• Kabir left ‘friendless’ as parties, barring BJP, shun his ‘politics of polarization’
    Times of India | 10 December 2025
  • Kolkata: Humayun Kabir looks friendless in Bengal politics with every major party — Trinamool, BJP, Congress and CPM — distancing themselves from the 62-year-old Bharatpur MLA and his antics. However, the underlying feeling among all (barring BJP) is what AIMIM articulated on Monday: Kabir may ultimately be doing the saffron party's bidding.

    On Monday, a PTI report quoted AIMIM national spokesperson Syed Asim Waqar — with whose party Kabir declared a coalition — alleging that Kabir was widely perceived as being politically aligned with senior BJP neta Suvendu Adhikari and, by extension, the party's central leadership. Kabir announced that he would fight the 2026 Bengal assembly polls in alliance with AIMIM, even spelling out his seat-sharing plans.

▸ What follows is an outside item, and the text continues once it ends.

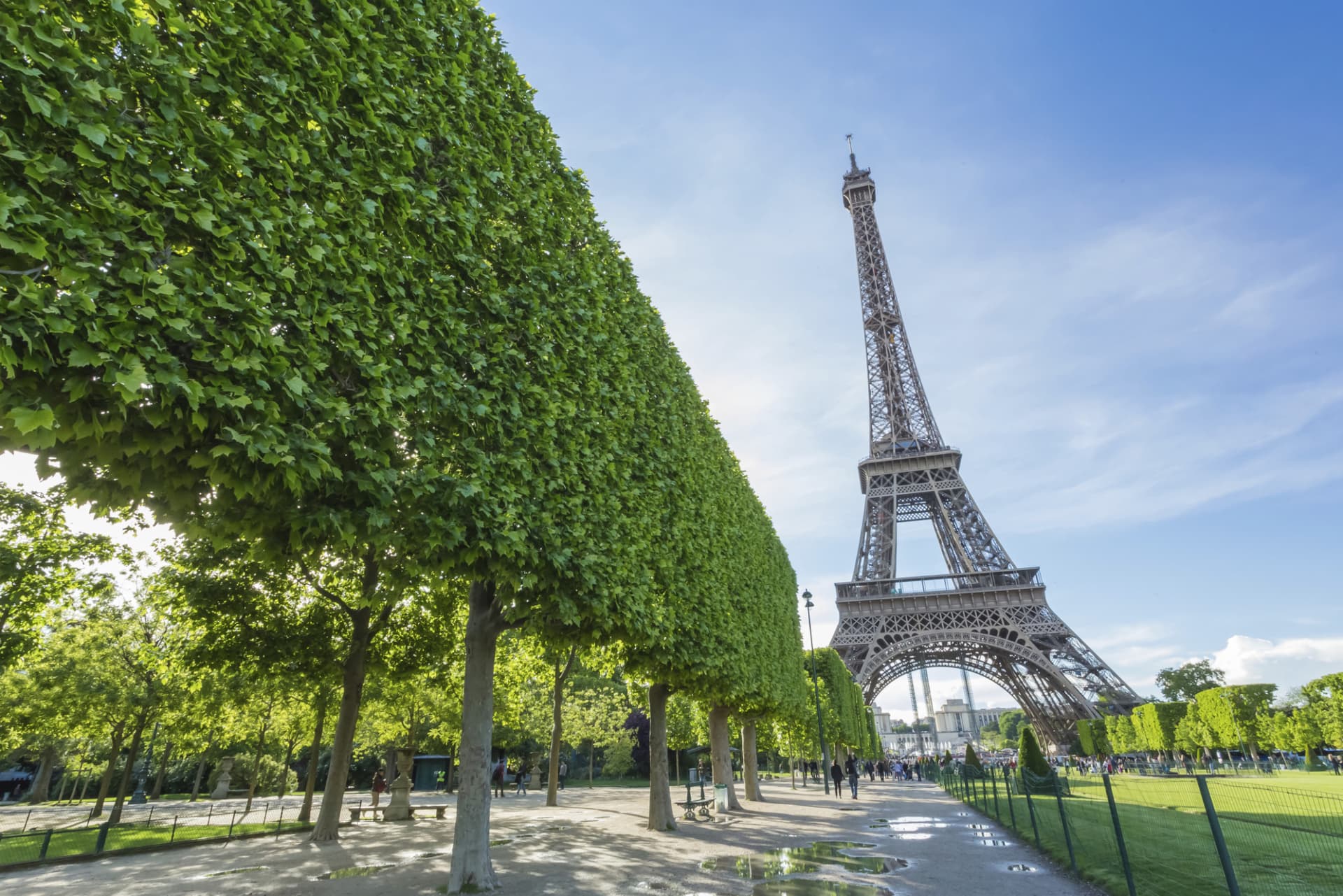 Paris Open-Top Bus Tour and Eiffel Tower Reserved Access - تصویر اصلی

    TMC spokesperson Kunal Ghosh argued that Kabir's "politics of dissent" was aimed at clear political objectives. "A person can build a temple, mosque or church. We have nothing to say. But by invoking the pain of the Babri Masjid demolition, he is trying religious polarization. Where was his pain for the Babri demolition when he was with BJP and fought as its candidate in the 2019 Lok Sabha polls?" he said.

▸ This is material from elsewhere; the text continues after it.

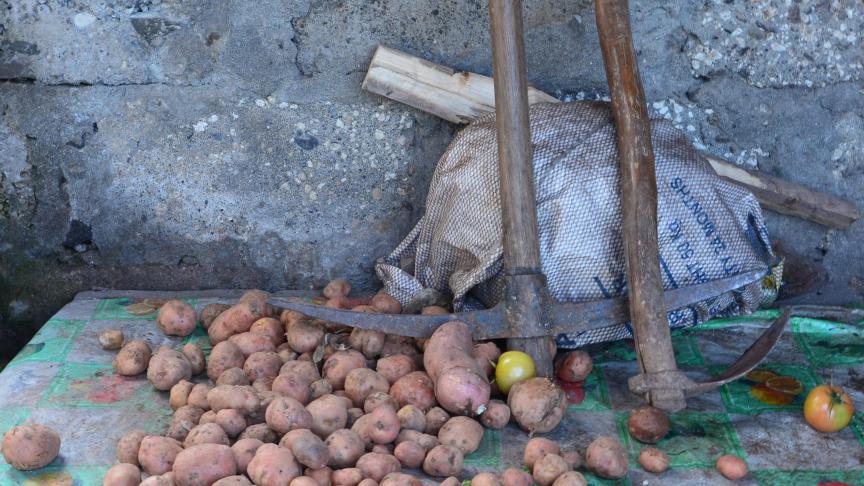 La patate douce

    Ghosh earlier said BJP has faces in Bengal, and it also has masks, while responding to a question on Kabir.

    Bengal BJP president Samik Bhattacharya, however, said Trinamool was trying to shift focus. "Humayun has been acting as Trinamool's B team, and they are trying to set a narrative around it. The govt allowed him to perform shilanyas and project that as its tacit support for Kabir's cause," he said.

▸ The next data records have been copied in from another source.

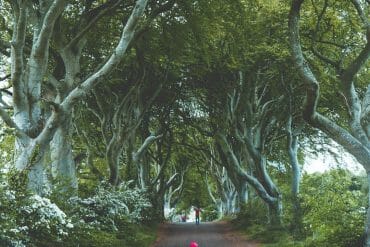 Dark Hedges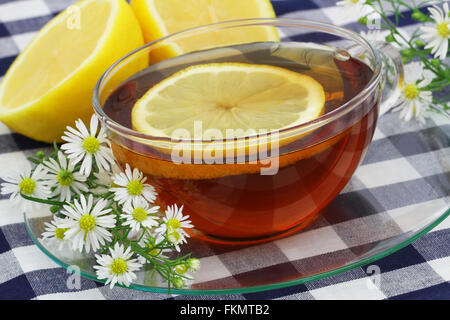 Tasse Tee mit Zitrone mit frischen Kamillenblüten auf der Seite Stockfoto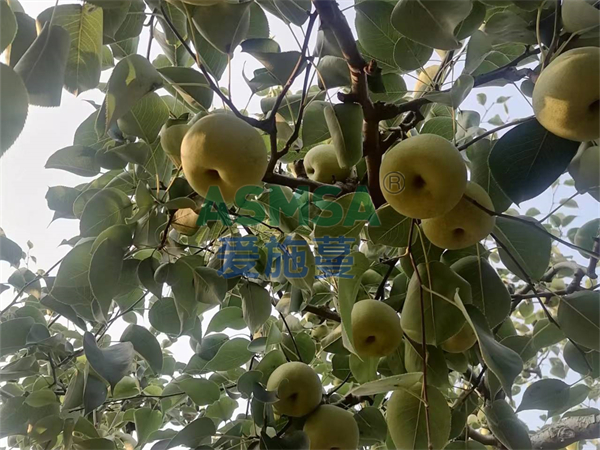 梨樹施肥-愛施蔓蔓葉水溶肥
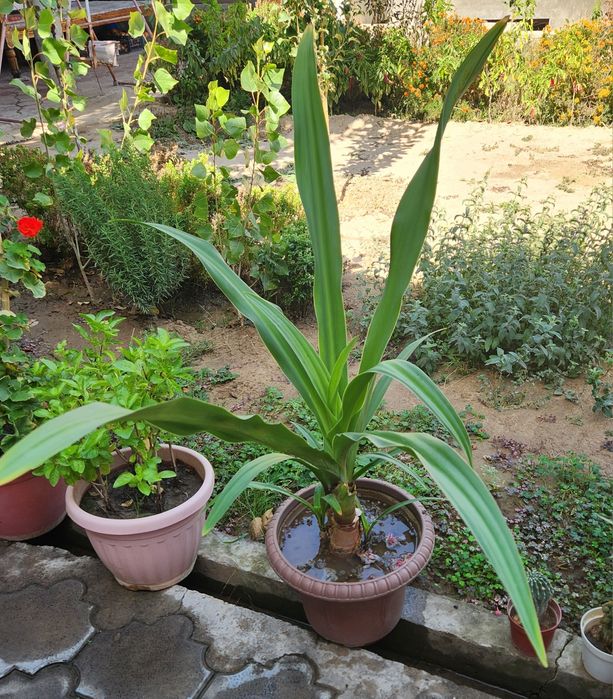 Кринум  азиатский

    For many in Bengal, a grand anti-BJP, anti-Trinamool alliance, which Kabir keeps harping on, appears to be a throwback to the Samyukta Morcha (Mahajote) experiment ahead of the 2021 Bengal assembly polls. Nawsad Siddique, a Furfurasharif cleric's debutant Indian Secular Front (ISF), along with CPM and Congress, threatened to split Trinamool's grip over minority votes. The experiment failed, with the alliance routed (only Nawsad won).

    What Kabir can achieve in minority-dominated Murshidabad, however, remains to be seen.

    "I will float my new party on Dec 22. On that day, the names of the office-bearers will also be announced," Kabir said on Tuesday. Speaking to TOI, he added: "You will have surprises. There are many who aren't coming to the fore right now. All your questions will be answered."

    CPM distanced itself from Kabir's masjid politics for its "stance against religious binary" in Bengal. CPM state secretary Md Salim said Bengal has been a victim of Partition and people were wary of religion or caste-specific political outfits.

    Pradesh Congress president Subhankar Sarkar, who also pointed at divisive politics trying to raise its head in Bengal, said Congress will not be an ally to anyone who does not believe in "plurality". "Erecting a temple or mosque isn't a crime. Similarly, chanting Gita or Quran isn't an offence. I will not be surprised if such issues are getting support from the quarters that benefit from polarization," he said.